Output the data below exactly, images excluded.

SUPPLIED DATA —
• • •
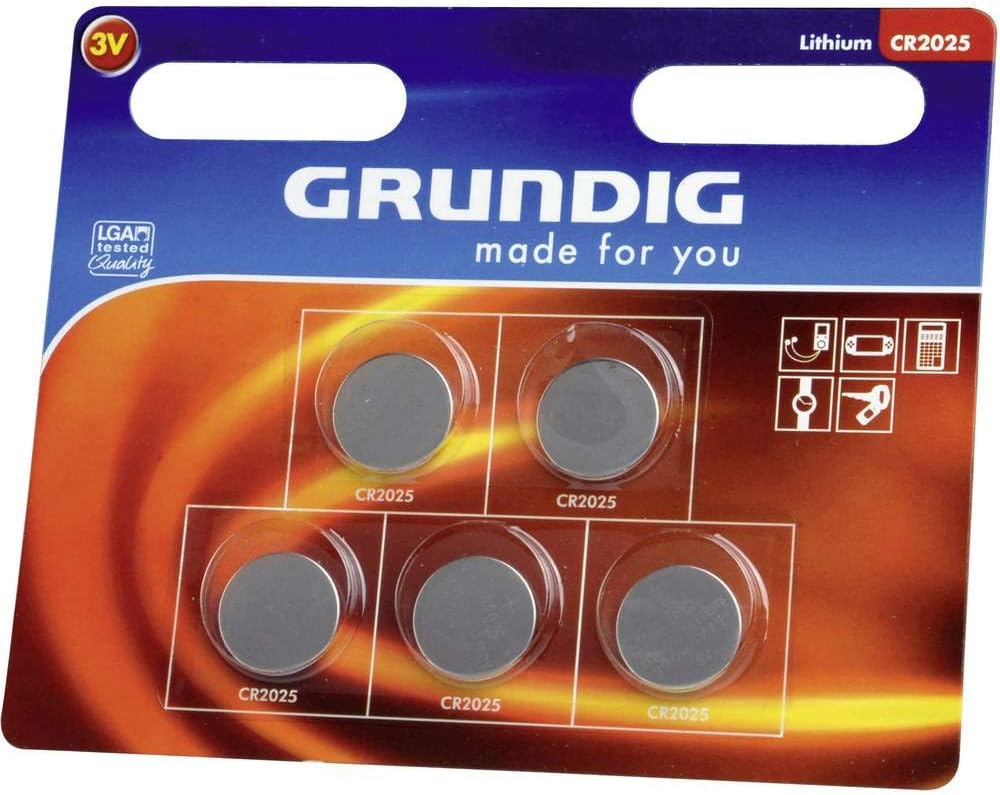 Grundig CR 2025 Knopfzelle CR 2025 Lithium 127 mAh 3 V 5 St. Amazon.de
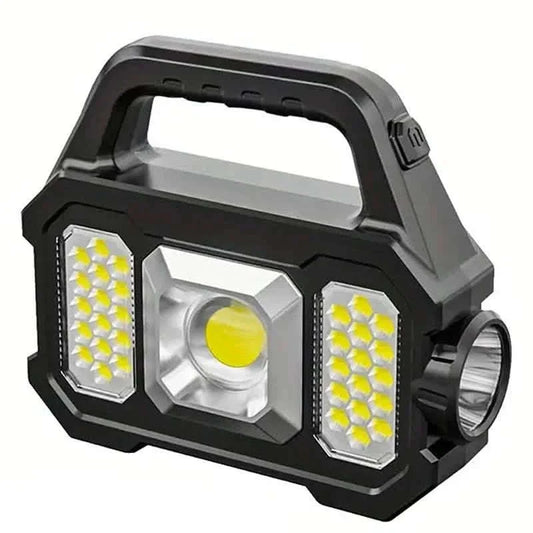 Solar Portable Flashlight & Handheld Searchlight with Side Lights Otarealm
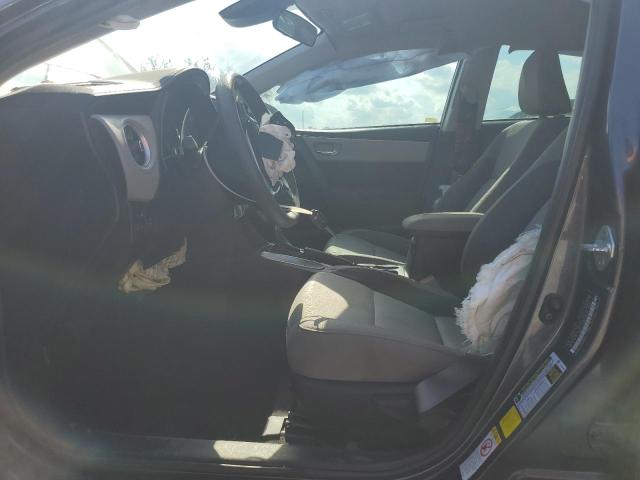 5YFBURHE2KP943954 - 2019 TOYOTA COROLLA L GRAY photo 7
• • •
TASK RESULT —
 Grundig CR 2025 Knopfzelle CR 2025 Lithium 127 mAh 3 V 5 St. Amazon.de
 Solar Portable Flashlight & Handheld Searchlight with Side Lights Otarealm
 5YFBURHE2KP943954 - 2019 TOYOTA COROLLA L GRAY photo 7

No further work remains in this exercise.